The Etoys system is based on the idea of programmable virtual entities behaving on the computer screen.

Etoys provides a media-rich authoring environment with a simple, powerful scripted object model for many kinds of objects created by end-users. It includes 2D and 3D graphics, images, text, particles, presentations, web-pages, videos, sound and MIDI, the ability to share desktops with other Etoy users in real-time, so many forms of immersive mentoring and play can be done over the Internet.

It is multilingual, and has been used successfully in United States, Europe, South America, Japan, Korea, India, Nepal, Ethiopia, and Russia .

==Versions==
All Etoys versions are based on object-oriented programming languages. Squeak Etoys runs on more than 20 platforms bit-identically. Versions exist written in three programming languages. The original and most widely used is based on Squeak, a dialect of Smalltalk. The second is also based on Squeak, but uses the optional Tweak programming environment instead of Squeak's default Morphic environment. The third is based on Python and is named PataPata . PataPata has been abandoned by its author.
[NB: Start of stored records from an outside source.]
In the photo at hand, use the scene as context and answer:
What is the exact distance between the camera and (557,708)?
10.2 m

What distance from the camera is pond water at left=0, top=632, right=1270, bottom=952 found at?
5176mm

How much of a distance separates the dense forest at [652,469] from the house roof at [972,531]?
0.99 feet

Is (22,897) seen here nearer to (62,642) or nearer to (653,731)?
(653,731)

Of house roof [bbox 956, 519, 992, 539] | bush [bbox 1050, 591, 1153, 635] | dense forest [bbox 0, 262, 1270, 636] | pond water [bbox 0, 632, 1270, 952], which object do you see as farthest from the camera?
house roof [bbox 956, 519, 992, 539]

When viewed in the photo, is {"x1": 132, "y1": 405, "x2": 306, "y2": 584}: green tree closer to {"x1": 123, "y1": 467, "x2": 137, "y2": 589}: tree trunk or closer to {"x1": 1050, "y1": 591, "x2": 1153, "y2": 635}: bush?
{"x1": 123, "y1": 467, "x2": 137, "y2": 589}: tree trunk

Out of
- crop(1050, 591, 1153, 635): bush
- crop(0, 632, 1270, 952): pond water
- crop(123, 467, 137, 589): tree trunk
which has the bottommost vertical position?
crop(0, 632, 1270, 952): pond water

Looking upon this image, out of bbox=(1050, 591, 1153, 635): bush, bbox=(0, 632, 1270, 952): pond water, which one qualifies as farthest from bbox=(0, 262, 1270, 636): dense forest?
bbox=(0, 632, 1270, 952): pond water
In 2006 and; 2007, the Squeak Morphic version was adapted for distribution on the OLPC XO-1 educational machine, sometimes known as the $100 laptop. Viewpoints Research Institute participates in the One Laptop per Child association, and Etoys is pre-installed on all XO-1 laptops.

The licensing is free and open source.

As of 2010, Etoys 4 conforms to the requirements of free and open source systems, such as the various Linux distributions.
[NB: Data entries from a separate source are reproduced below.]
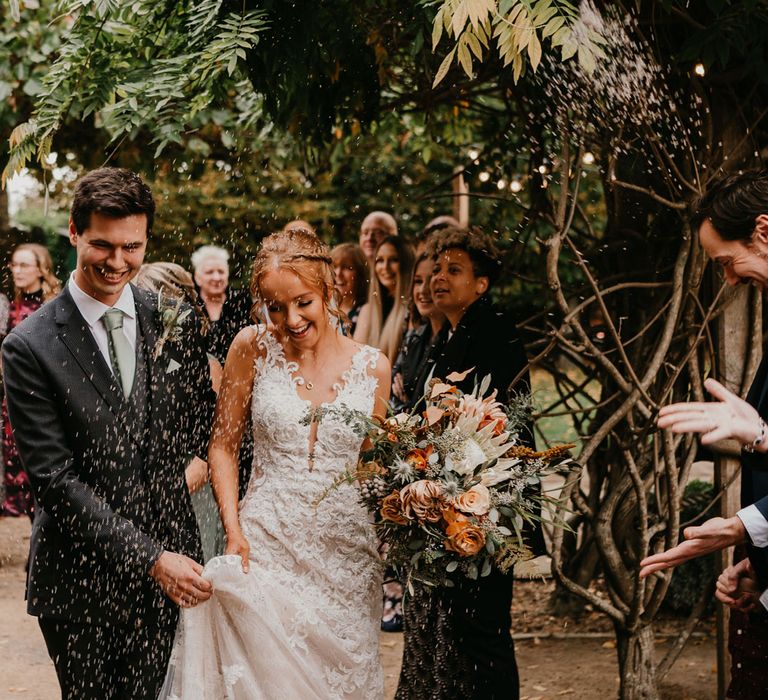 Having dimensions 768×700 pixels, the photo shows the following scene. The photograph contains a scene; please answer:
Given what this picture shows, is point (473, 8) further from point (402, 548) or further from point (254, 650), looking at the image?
point (254, 650)

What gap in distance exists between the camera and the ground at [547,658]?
5355 millimetres

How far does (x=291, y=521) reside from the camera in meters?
3.67

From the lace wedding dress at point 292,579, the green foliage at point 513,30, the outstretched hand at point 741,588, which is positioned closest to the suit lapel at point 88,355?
the lace wedding dress at point 292,579

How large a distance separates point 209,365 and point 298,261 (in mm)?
540

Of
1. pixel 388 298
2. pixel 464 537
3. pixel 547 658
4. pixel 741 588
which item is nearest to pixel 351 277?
pixel 388 298

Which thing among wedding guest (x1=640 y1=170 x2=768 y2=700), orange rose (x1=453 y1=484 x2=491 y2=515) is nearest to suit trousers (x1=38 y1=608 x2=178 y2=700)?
orange rose (x1=453 y1=484 x2=491 y2=515)

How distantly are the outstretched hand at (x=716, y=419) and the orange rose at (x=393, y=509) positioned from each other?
3.29 ft

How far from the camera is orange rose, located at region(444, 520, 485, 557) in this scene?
332 cm

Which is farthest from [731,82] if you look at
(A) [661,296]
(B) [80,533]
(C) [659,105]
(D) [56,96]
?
(B) [80,533]

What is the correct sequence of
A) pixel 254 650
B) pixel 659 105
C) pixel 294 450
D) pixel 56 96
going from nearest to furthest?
pixel 254 650 → pixel 294 450 → pixel 56 96 → pixel 659 105

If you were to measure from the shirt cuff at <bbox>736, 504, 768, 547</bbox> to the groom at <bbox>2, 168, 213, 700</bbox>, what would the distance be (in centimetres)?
174

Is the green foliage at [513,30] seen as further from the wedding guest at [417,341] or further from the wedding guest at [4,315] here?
the wedding guest at [4,315]

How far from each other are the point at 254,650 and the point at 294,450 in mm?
741

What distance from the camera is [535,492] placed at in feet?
12.0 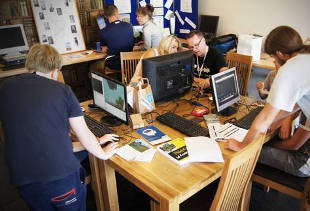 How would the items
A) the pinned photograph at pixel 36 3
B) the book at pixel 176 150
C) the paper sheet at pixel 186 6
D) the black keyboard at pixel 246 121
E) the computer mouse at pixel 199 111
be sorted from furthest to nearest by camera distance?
the paper sheet at pixel 186 6
the pinned photograph at pixel 36 3
the computer mouse at pixel 199 111
the black keyboard at pixel 246 121
the book at pixel 176 150

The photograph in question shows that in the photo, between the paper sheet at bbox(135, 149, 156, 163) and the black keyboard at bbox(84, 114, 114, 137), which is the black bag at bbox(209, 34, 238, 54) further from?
the paper sheet at bbox(135, 149, 156, 163)

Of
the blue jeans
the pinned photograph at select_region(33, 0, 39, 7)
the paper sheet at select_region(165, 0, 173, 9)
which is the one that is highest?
the pinned photograph at select_region(33, 0, 39, 7)

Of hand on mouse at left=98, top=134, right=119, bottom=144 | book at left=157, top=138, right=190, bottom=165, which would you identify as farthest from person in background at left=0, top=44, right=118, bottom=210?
book at left=157, top=138, right=190, bottom=165

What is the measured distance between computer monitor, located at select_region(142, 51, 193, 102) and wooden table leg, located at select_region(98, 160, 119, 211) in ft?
2.36

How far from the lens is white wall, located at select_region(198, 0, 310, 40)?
12.2 ft

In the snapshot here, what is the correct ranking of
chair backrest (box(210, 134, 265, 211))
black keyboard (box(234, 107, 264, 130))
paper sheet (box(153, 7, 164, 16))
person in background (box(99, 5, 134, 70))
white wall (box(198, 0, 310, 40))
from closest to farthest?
chair backrest (box(210, 134, 265, 211)) → black keyboard (box(234, 107, 264, 130)) → white wall (box(198, 0, 310, 40)) → person in background (box(99, 5, 134, 70)) → paper sheet (box(153, 7, 164, 16))

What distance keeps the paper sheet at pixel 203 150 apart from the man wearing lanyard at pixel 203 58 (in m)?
1.11

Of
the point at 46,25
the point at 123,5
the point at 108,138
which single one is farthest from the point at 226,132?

In 1996, Apple had released Squeak under their "Squeak license", which did not qualify as fully free software, due to the presence of an indemnity clause. The source code was available and modification was permitted.
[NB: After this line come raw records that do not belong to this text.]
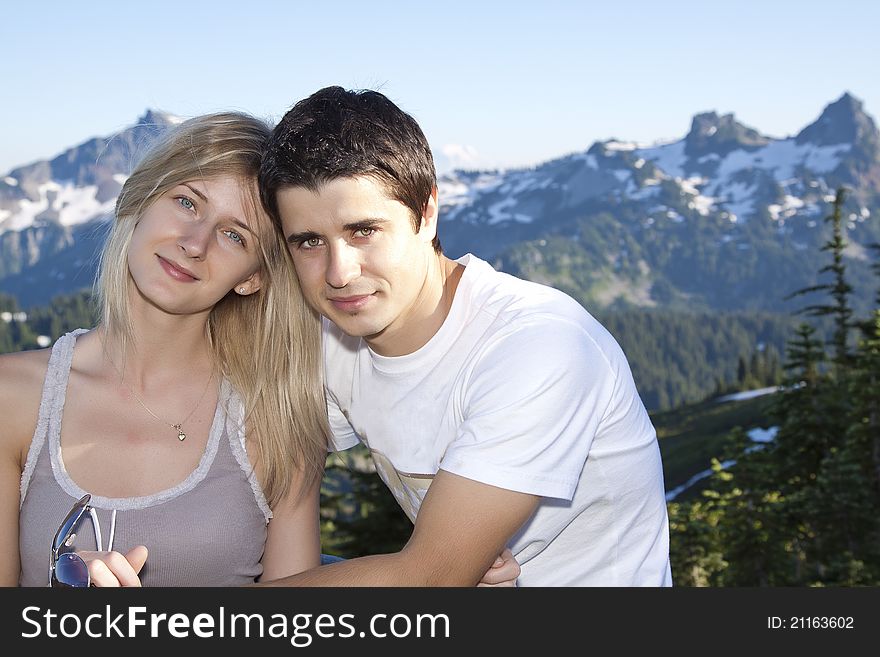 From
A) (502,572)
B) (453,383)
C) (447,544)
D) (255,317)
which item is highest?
(255,317)

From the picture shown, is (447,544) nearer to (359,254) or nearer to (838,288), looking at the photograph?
(359,254)

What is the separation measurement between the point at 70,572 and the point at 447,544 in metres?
1.62

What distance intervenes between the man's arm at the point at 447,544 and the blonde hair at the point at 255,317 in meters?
1.60

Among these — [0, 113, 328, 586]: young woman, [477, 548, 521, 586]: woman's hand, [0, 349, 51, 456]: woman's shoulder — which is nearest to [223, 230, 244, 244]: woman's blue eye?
[0, 113, 328, 586]: young woman

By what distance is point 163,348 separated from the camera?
5.81 metres

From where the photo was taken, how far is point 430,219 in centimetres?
509

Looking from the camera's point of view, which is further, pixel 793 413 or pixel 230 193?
pixel 793 413

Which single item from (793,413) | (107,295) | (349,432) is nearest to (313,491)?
(349,432)

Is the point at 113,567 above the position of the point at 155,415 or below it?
below

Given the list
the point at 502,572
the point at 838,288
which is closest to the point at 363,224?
the point at 502,572

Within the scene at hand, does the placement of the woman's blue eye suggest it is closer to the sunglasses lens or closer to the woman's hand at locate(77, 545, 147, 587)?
the woman's hand at locate(77, 545, 147, 587)

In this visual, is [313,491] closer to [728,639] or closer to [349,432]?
[349,432]

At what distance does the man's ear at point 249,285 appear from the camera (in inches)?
228

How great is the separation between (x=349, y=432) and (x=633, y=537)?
1963 mm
In May 2006, Apple relicensed the Squeak core under the Apache 2.0 license, thanks to Steve Jobs, Dan Ingalls, and Alan Kay. Viewpoints Research collected written relicensing agreements from several hundred contributors under the MIT license, and all code in Etoys not explicitly covered by a relicensing agreement was removed, rewritten, or reverted to an earlier version, mostly by Yoshiki Ohshima. Squeak Etoys is now completely free and open source.